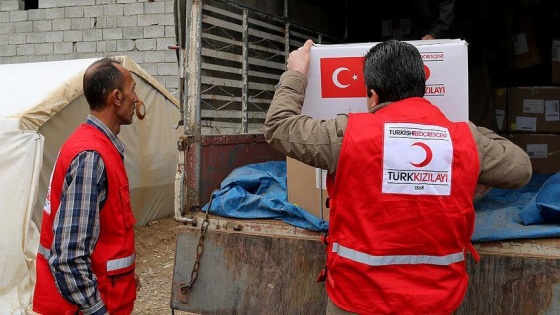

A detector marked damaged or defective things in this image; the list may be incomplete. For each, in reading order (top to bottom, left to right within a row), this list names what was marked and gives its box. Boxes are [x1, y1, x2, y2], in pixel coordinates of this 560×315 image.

rusty metal chain [179, 191, 217, 298]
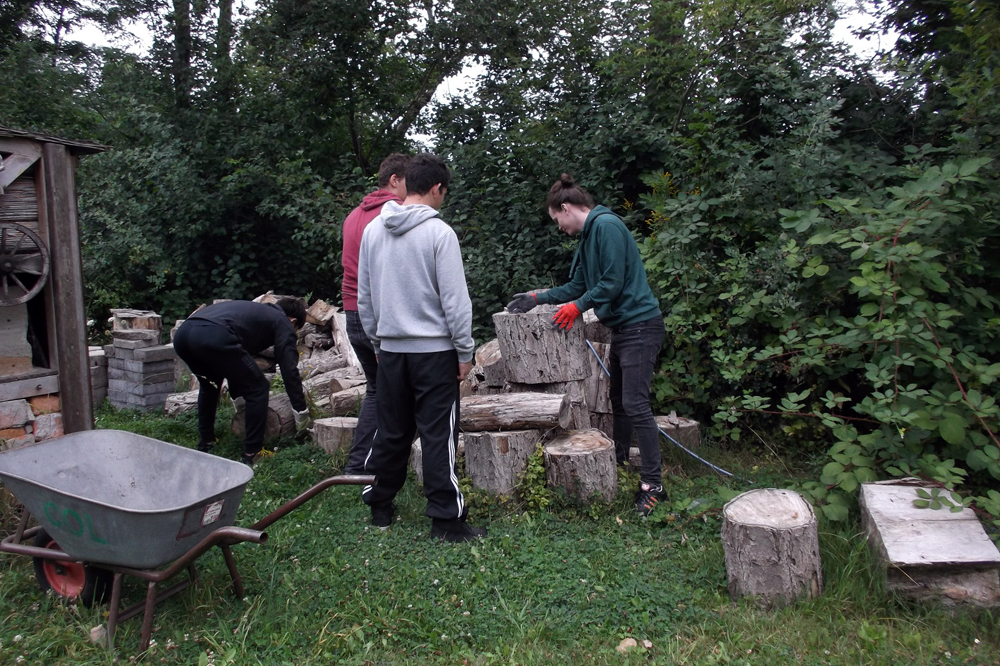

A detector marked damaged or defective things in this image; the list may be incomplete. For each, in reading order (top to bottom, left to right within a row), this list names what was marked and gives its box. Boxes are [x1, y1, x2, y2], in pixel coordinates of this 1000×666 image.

rusty wheelbarrow wheel [32, 528, 113, 604]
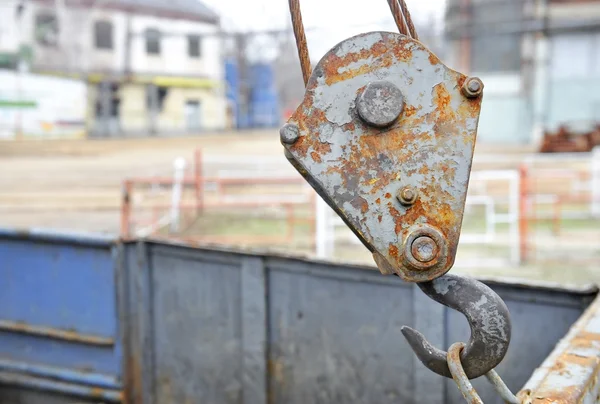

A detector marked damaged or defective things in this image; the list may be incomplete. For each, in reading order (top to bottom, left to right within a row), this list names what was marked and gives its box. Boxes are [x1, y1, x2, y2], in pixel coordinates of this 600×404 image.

corroded bolt [462, 77, 486, 99]
corroded bolt [356, 80, 404, 127]
corroded bolt [282, 123, 300, 145]
rusty metal plate [282, 31, 482, 282]
corroded bolt [398, 185, 418, 205]
corroded bolt [410, 235, 438, 264]
rusty crane hook [400, 274, 512, 378]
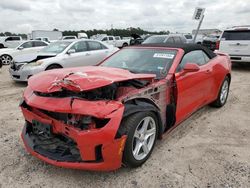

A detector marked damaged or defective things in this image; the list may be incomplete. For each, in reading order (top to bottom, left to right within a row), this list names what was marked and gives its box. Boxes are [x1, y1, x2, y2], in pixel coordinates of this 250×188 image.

crumpled hood [28, 66, 155, 93]
front end damage [21, 66, 170, 170]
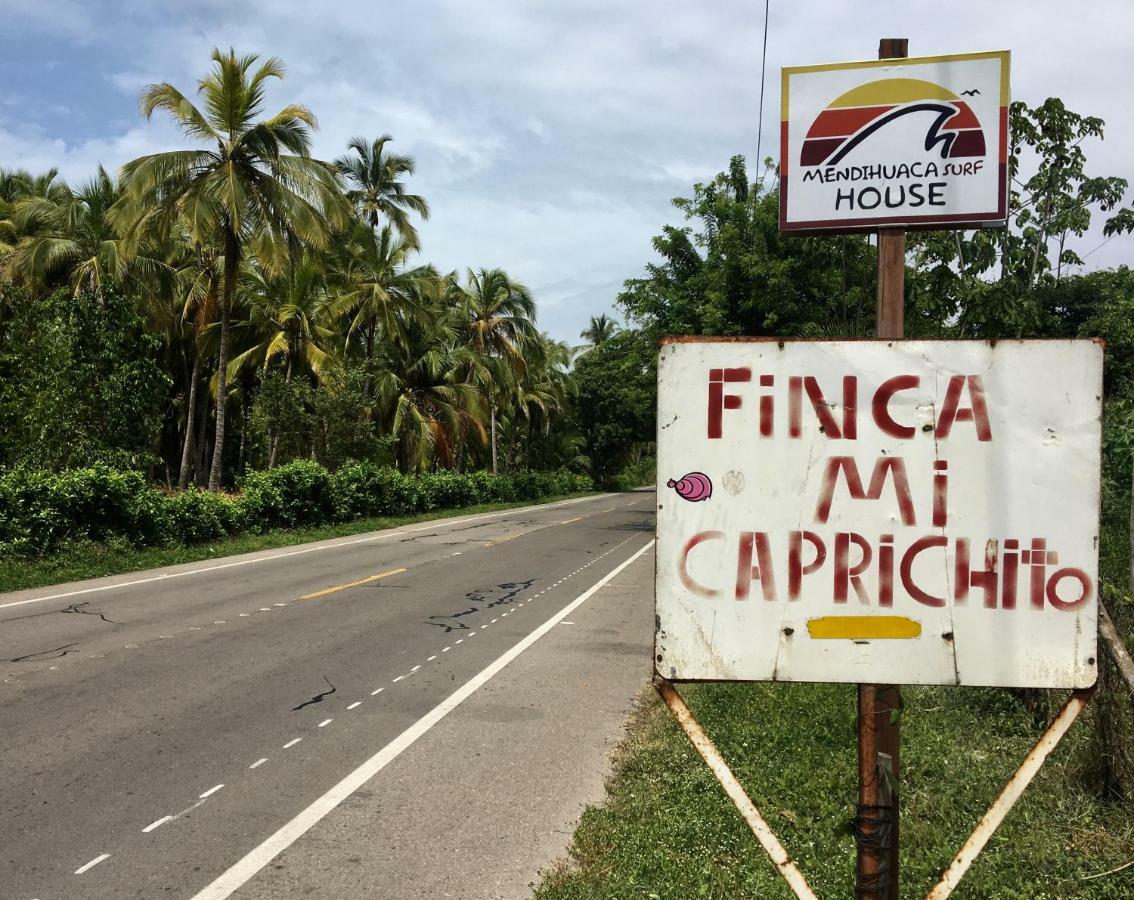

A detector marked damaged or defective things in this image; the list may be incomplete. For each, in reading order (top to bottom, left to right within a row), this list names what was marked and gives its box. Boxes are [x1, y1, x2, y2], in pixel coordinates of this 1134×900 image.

rusty metal sign [780, 50, 1012, 234]
rusty metal sign [652, 340, 1104, 688]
..............................
The reply must consist solely of the lines from the one containing "this 1134×900 image." through the last line in the material above, reproduced exactly.

A detector marked damaged or defective things in this image; the list may be incomplete. For each, in reading order (top to bottom, left to right within a row), this list names what was marked and gives its box. Boxes are [x1, y1, x2, y2], in pixel coordinates of this 1134×900 image.

rusty metal sign [780, 50, 1012, 234]
rusty metal sign [652, 340, 1104, 688]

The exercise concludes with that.